With the mechanization of the sewing process, needle work became a refined skill in the form of decorative showpieces, high-end fashion, and handiwork hobbies such as quilting. embroidery, and knitting, while the basic skill of sewing was relegated to repair work and alterations as more and more of the family’s clothing was purchased ready-made.
The life skills education that young girls once received at home at the feet of their mothers and grandmothers was institutionally turned over to the public school system in the 1900s, when Home Economics was added to the curriculum for young girls while the boys went to Shop Class. The Home Economics curriculum was designed to teach young girls to be good housekeepers and wives, and provide them with life skills deemed appropriate for the times: cooking, sewing, baking, cleaning, and an understanding of household management. It was also designed to help young women gain useful employment and live independently as a 20th century industrialized nation welcomed young women into the workforce for office, retail, and factory work.
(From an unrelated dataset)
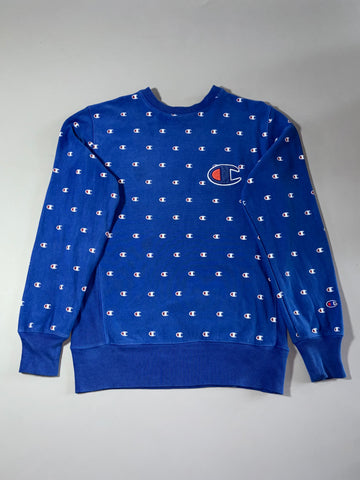 Champion Reverse Weave All-Over Logo Print Sweatshirt – Royal Blue – (L)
This gender-based option remained a requirement and the norm in public education until the 1960s and the Feminist Movement. Today, these basic skills are part of the curriculum of classes more aptly labeled Family Studies, Food and Nutrition, Health and Safety, Family and Consumer Science, and Household Science.
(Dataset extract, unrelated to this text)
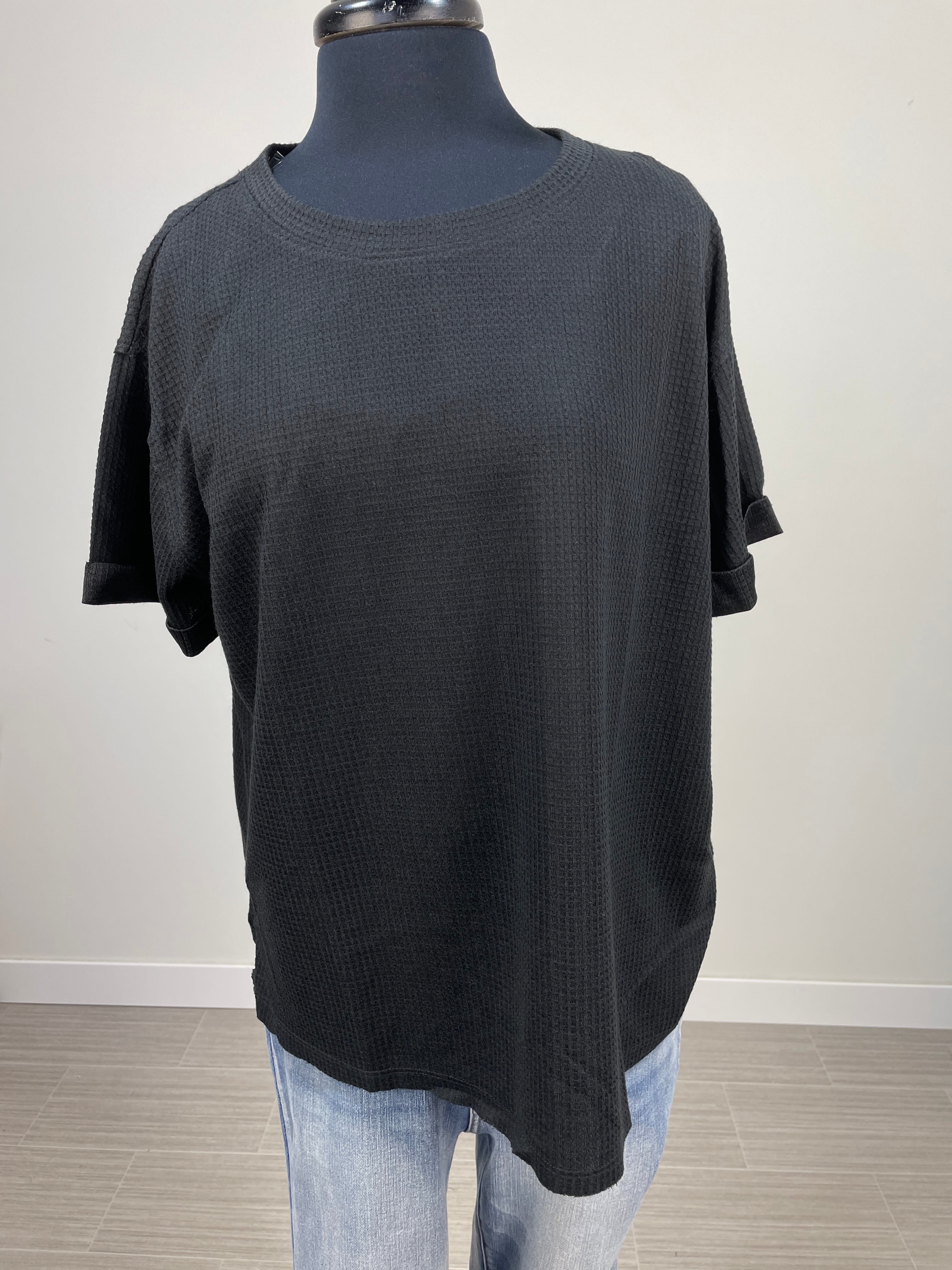 Black Waffle Tee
While the basics of sewing were provided through the public education system through the first half of the 20th century, such needle work skills as embroidery, knitting, and quilting as an inter-generational hobby, form of artistic expression, and craft continued on a path of its own as a past-time, trade, skill and cultural art form; however, by the mid-1950s, access to skilled educators of traditional execution was limited to a new generation of crafters and long-time needle workers looking to learn new skills. And then along came Erica Wilson, “the Julia Child of Embroidery.” If you have not heard of Erica Wilson before, you soon will as Winterthur Museum gears up for a new book and exhibition on her life and work. Start your education with Linda Eaton’s article, “Erica Wilson: A Life in Stitches,” in our August issue.
While the importance and perception of all women learning at least basic sewing skills has changed over time, there is no doubt that needle work as an art form and craft continue to attract new crafters, fans, and now collectors to the hobby. In this issue we look back on two centuries of needle work, and the stories, makers, and technology behind collectible objects made of needle and thread.